Kāpiti Councillor, and former Kāpiti Arts Panel Chair, Jackie Elliott reflects on the impact and value of Public Art

I have just attended the annual Local Government NZ (LGNZ) conference in the heart of Christchurch city. This is not the first LGNZ conference I have attended. Like last year’s, entirely held within the artistic facades of the new Sky City Conference Center, it was the venue that drew me to attend. I took the opportunity in Auckland to explore the logistics of both the workings of the SkyCity monolith and the logistics of day to day living for Auckland’s homeless. Both were real eye-openers, and experiencing both at once, quite brutal.

Christchurch offered the same opportunity to experience by forced immersion. The 550 delegates had four separate hotels and another four activity venues, including historic Christ’s College, all within six blocks in the central city. We had to find and navigate around, largely on foot, and by ourselves. The historic trams and taxis were also available. All attendees came face to face with the complexities of a space and a people as desolate and suffering as they were inspired in their state of the art rebuild.

My newly refurbished stark white eleven storey motel building sat right behind the fenced, crumbling shell of the steel supported Cathedral. This site is left untouched since the 2011 earthquake. To see it, you go around the front of the mural decorated safety fence and through the tree fern lined facade of a whare meeting house. There, the public cross the metal grid floor to press noses up against the steel mesh and take it all in. Press shoulders against camera clicking tourists, kiddies pressed between legs, fingers entwined through the mesh, you all stare, in silence, tracing the path of pigeons in flight, taking in the curve of collapsing roofs, the long grass, the imposing steel beams and giant bolts, containers stacked against the left side to keep the building up, and huge concrete blocks in other corners. The grass, moss and creepers defiantly taking over as she is slowly being returned to mother nature.
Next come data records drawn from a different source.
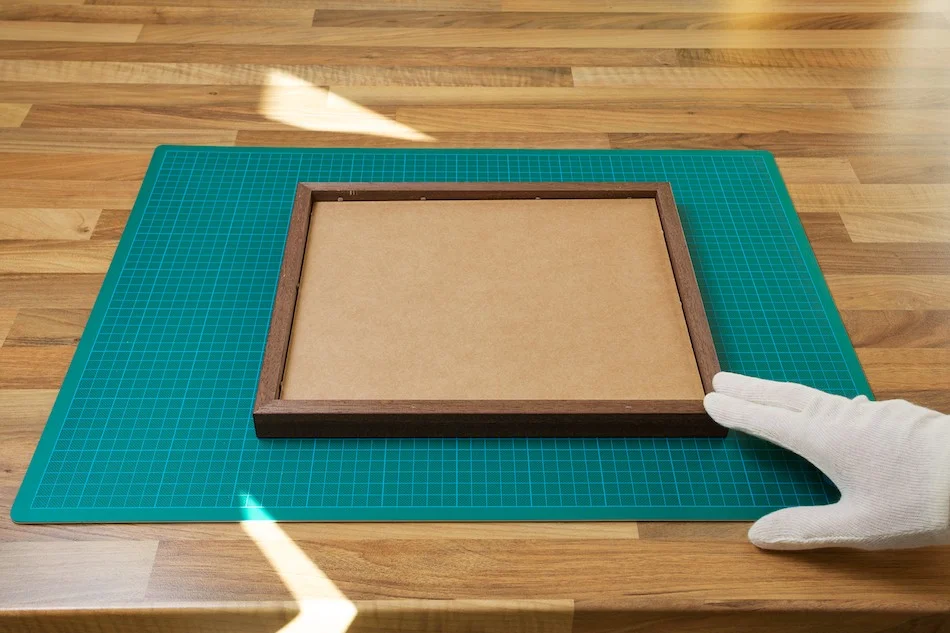 An image of the back of a frame with the print and backing board attached from John Dunne Photography by John Dunne.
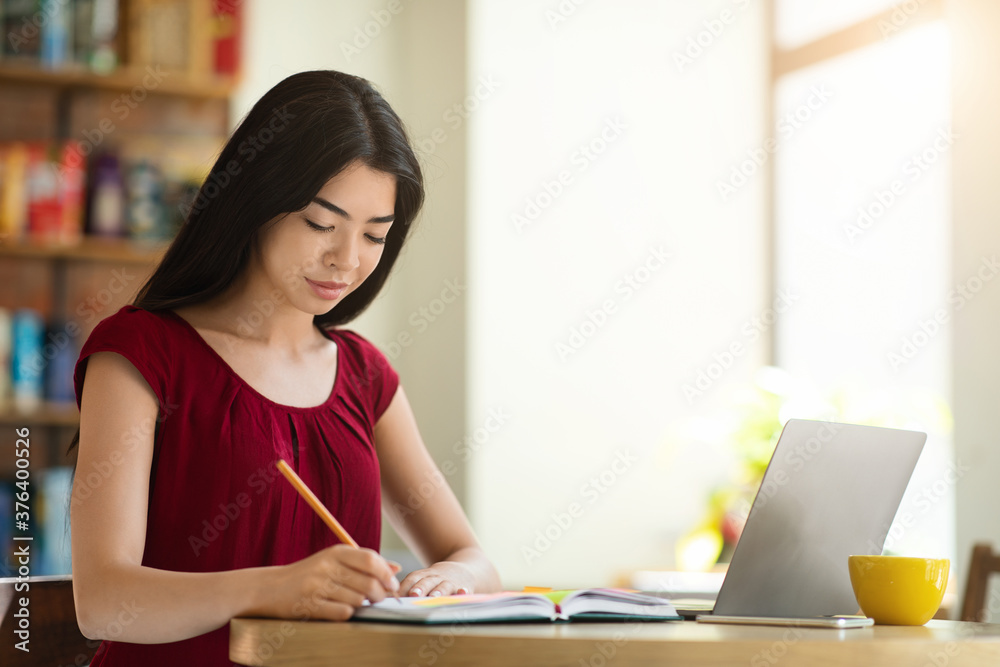 Beautiful Asian Student Girl Studying With Laptop In Cafe And Taking Notes Beautiful Asian Student Girl Studying With Laptop In Cafe And Taking Notes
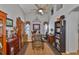 Home office with high ceilings, hardwood floors, decorative accents, and built-in bookcases at 7649 Nottinghill Sky Dr, Apollo Beach, FL 33572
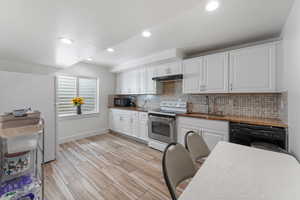 Kitchen featuring white cabinetry, black appliances, recessed lighting, backsplash, and dark countertops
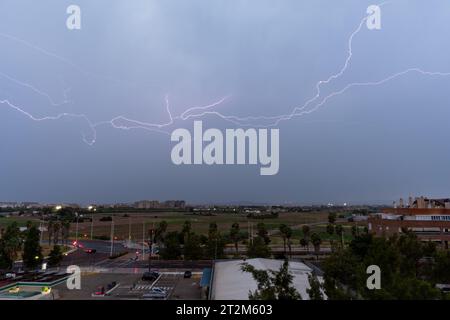 Stormy sky with several huge lightnings bolts on the outskirts of a city over agricultural fields. Weather concept Stock Photo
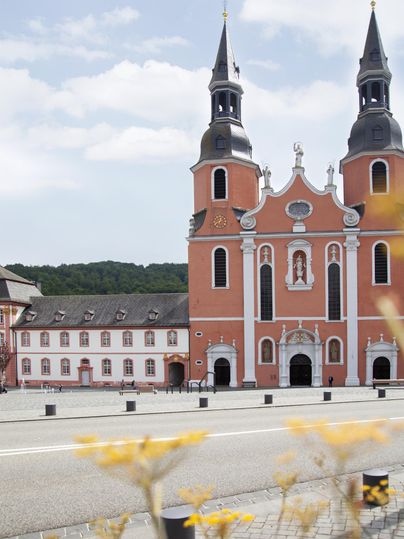 Une église magnifique avec deux tours et une façade impressionnante se dresse au premier plan. À l'arrière-plan, on aperçoit des collines douces et un ciel bleu.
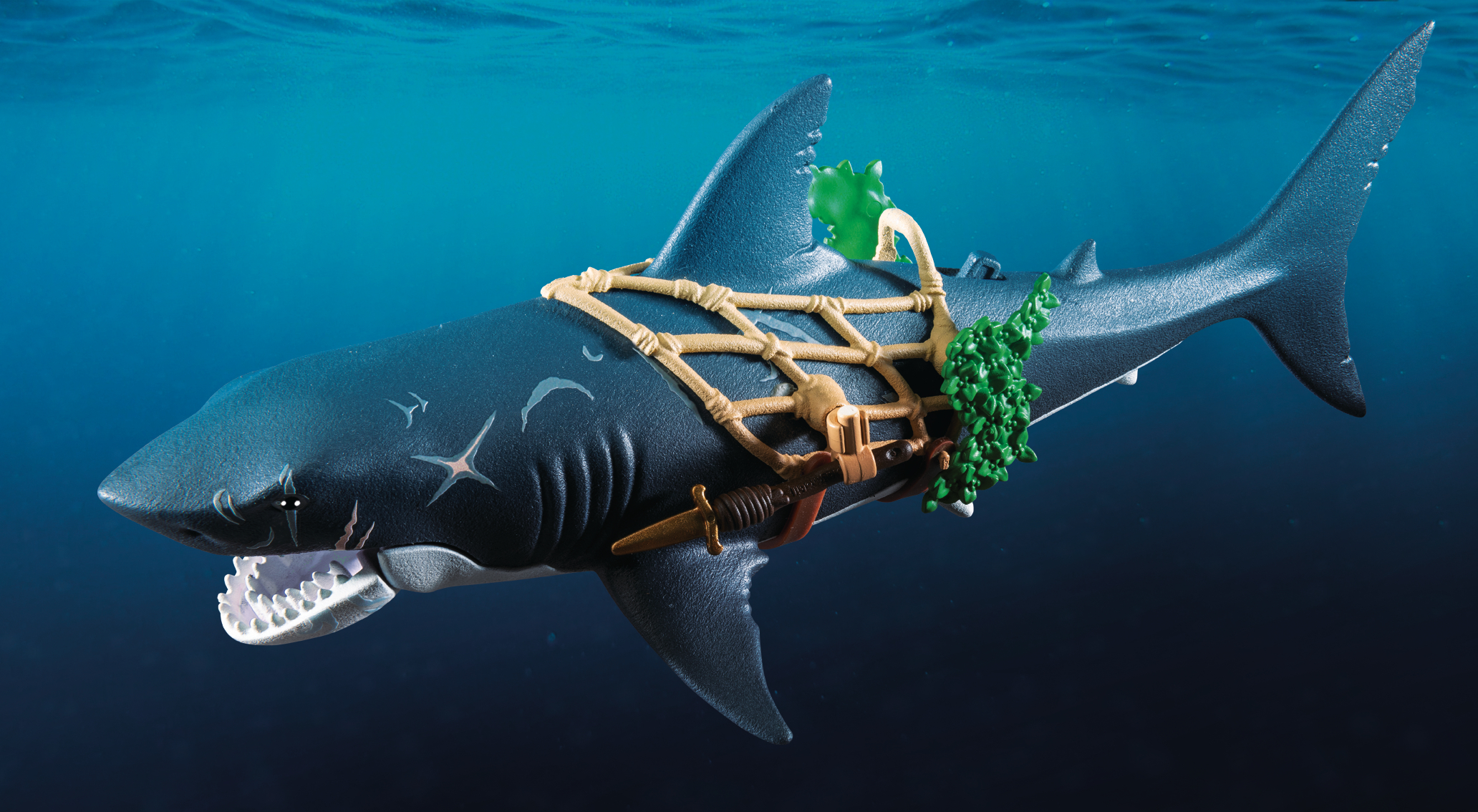 Ein Spielzeug-Hai in blauem Wasser. Es hat ein Geschirr, grünen Seetang und einen Dolch befestigt. Der Hai hat ein geöffnetes Maul und scharfe Zähne.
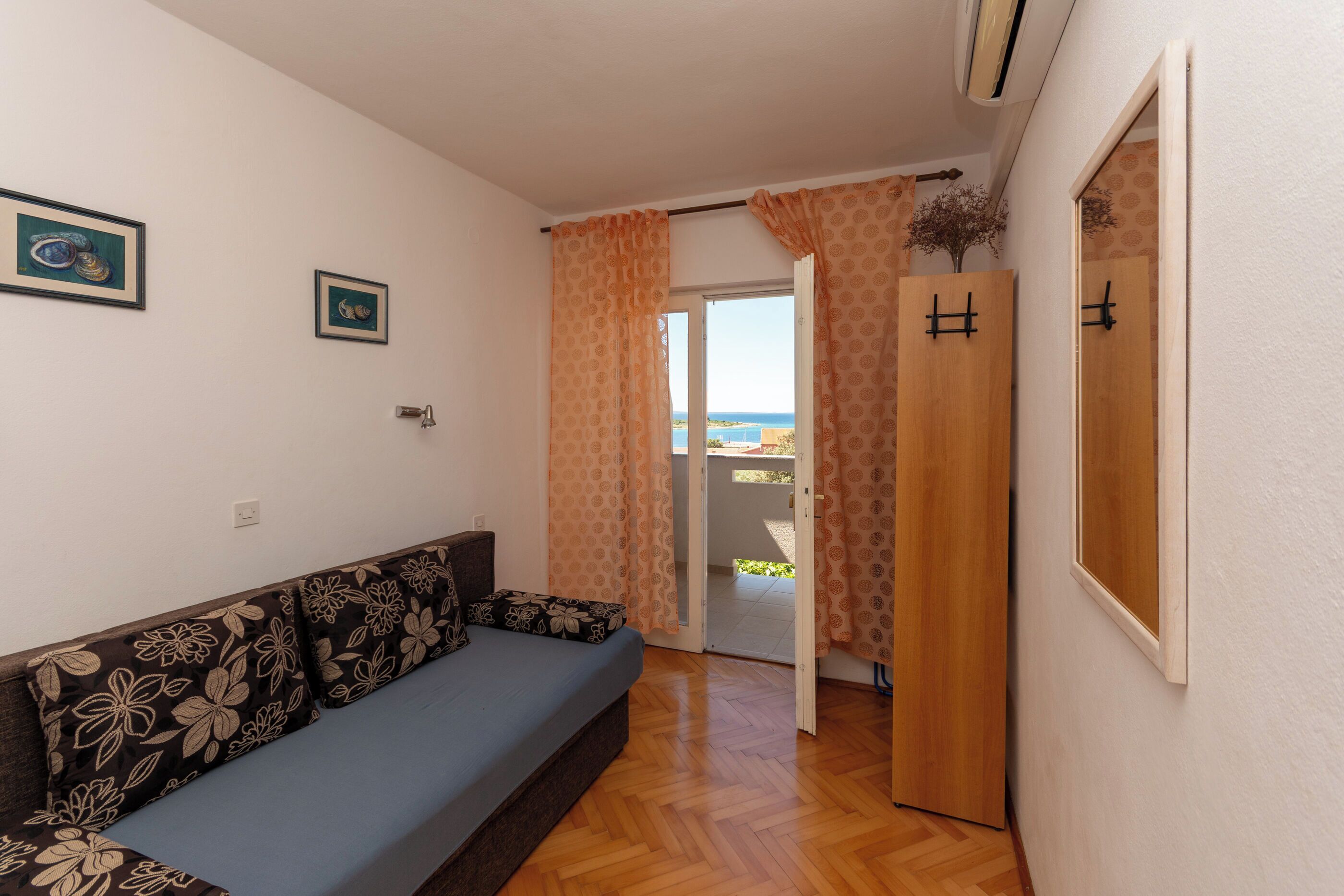 Une pièce avec un canapé, une porte en bois et une vue à travers une porte vitrée.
It is almost the perfect untouched memorial to the earthquakes of 2010 and 2011 and the lives lost. But it is not perfect. As a catholic, this is the first church that I cannot enter to seek my own solace and protection. Nor can I enter to give her at this point in time, the solace and protection she so badly needs, and that is a powerful personal loss. It is very confronting. I get why it is so important to so many to have this building restored. Even if it means the gentle deconstruction of every brick, and a rebuild brick by brick.

Of the new buildings and spaces? Yes, This will indeed be one of the world’s most modern cities with state of the art engineering and use of materials in a way that will inspire continued economic viability. The buildings and the people share space with art. Lots of art. Art everywhere. In three days I still found more and more art in every corner, on every wall, art to be looked at, looked through, art to sit on, lie on, touch, be inspired by and art to find the stories of those living there and what happened.

I was reassured here, that public art has a powerful role in speaking both to and for the people in every community’s shared space and I compare this with the level of angst and brow beating in Kāpiti last week, when we at KCDC were choosing whether or not to accept the loan of the ‘Kiwi Flyer sculpture’. One artwork, and only the second piece of public art to be procured in Kāpiti in five years. As one of the previous chairs of Kāpiti’s Public Art Panel, I am even more convinced that there is always a place in my Kāpiti for public art.